(Collected data)
——

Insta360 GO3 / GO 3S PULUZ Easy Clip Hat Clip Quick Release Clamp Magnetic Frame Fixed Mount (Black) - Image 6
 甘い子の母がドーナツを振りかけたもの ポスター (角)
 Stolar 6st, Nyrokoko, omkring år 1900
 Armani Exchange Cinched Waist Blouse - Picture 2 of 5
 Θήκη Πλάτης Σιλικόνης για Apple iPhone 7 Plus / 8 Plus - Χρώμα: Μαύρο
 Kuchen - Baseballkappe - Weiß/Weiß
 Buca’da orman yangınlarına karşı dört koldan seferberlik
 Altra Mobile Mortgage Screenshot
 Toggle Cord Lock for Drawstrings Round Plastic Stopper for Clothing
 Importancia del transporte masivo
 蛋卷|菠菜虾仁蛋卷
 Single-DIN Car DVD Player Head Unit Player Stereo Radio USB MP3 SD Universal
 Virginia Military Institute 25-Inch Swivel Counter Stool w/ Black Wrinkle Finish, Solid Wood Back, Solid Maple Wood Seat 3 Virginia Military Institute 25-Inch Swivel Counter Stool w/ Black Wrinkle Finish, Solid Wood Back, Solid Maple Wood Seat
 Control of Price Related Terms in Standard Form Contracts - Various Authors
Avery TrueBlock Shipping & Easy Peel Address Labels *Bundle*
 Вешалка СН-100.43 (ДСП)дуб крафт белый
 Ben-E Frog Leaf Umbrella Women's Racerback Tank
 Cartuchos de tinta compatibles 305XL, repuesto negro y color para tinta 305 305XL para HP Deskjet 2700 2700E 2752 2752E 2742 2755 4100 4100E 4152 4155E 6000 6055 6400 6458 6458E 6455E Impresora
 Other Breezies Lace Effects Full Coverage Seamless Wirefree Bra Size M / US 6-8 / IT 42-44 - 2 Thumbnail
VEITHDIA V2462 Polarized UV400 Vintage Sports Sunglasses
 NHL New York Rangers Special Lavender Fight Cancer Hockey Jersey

——

**Exercise aim**
Each entry shown above is to be duplicated exactly.

**Output for this task**
Insta360 GO3 / GO 3S PULUZ Easy Clip Hat Clip Quick Release Clamp Magnetic Frame Fixed Mount (Black) - Image 6
 甘い子の母がドーナツを振りかけたもの ポスター (角)
 Stolar 6st, Nyrokoko, omkring år 1900
 Armani Exchange Cinched Waist Blouse - Picture 2 of 5
 Θήκη Πλάτης Σιλικόνης για Apple iPhone 7 Plus / 8 Plus - Χρώμα: Μαύρο
 Kuchen - Baseballkappe - Weiß/Weiß
 Buca’da orman yangınlarına karşı dört koldan seferberlik
 Altra Mobile Mortgage Screenshot
 Toggle Cord Lock for Drawstrings Round Plastic Stopper for Clothing
 Importancia del transporte masivo
 蛋卷|菠菜虾仁蛋卷
 Single-DIN Car DVD Player Head Unit Player Stereo Radio USB MP3 SD Universal
 Virginia Military Institute 25-Inch Swivel Counter Stool w/ Black Wrinkle Finish, Solid Wood Back, Solid Maple Wood Seat 3 Virginia Military Institute 25-Inch Swivel Counter Stool w/ Black Wrinkle Finish, Solid Wood Back, Solid Maple Wood Seat
 Control of Price Related Terms in Standard Form Contracts - Various Authors
Avery TrueBlock Shipping & Easy Peel Address Labels *Bundle*
 Вешалка СН-100.43 (ДСП)дуб крафт белый
 Ben-E Frog Leaf Umbrella Women's Racerback Tank
 Cartuchos de tinta compatibles 305XL, repuesto negro y color para tinta 305 305XL para HP Deskjet 2700 2700E 2752 2752E 2742 2755 4100 4100E 4152 4155E 6000 6055 6400 6458 6458E 6455E Impresora
 Other Breezies Lace Effects Full Coverage Seamless Wirefree Bra Size M / US 6-8 / IT 42-44 - 2 Thumbnail
VEITHDIA V2462 Polarized UV400 Vintage Sports Sunglasses
 NHL New York Rangers Special Lavender Fight Cancer Hockey Jersey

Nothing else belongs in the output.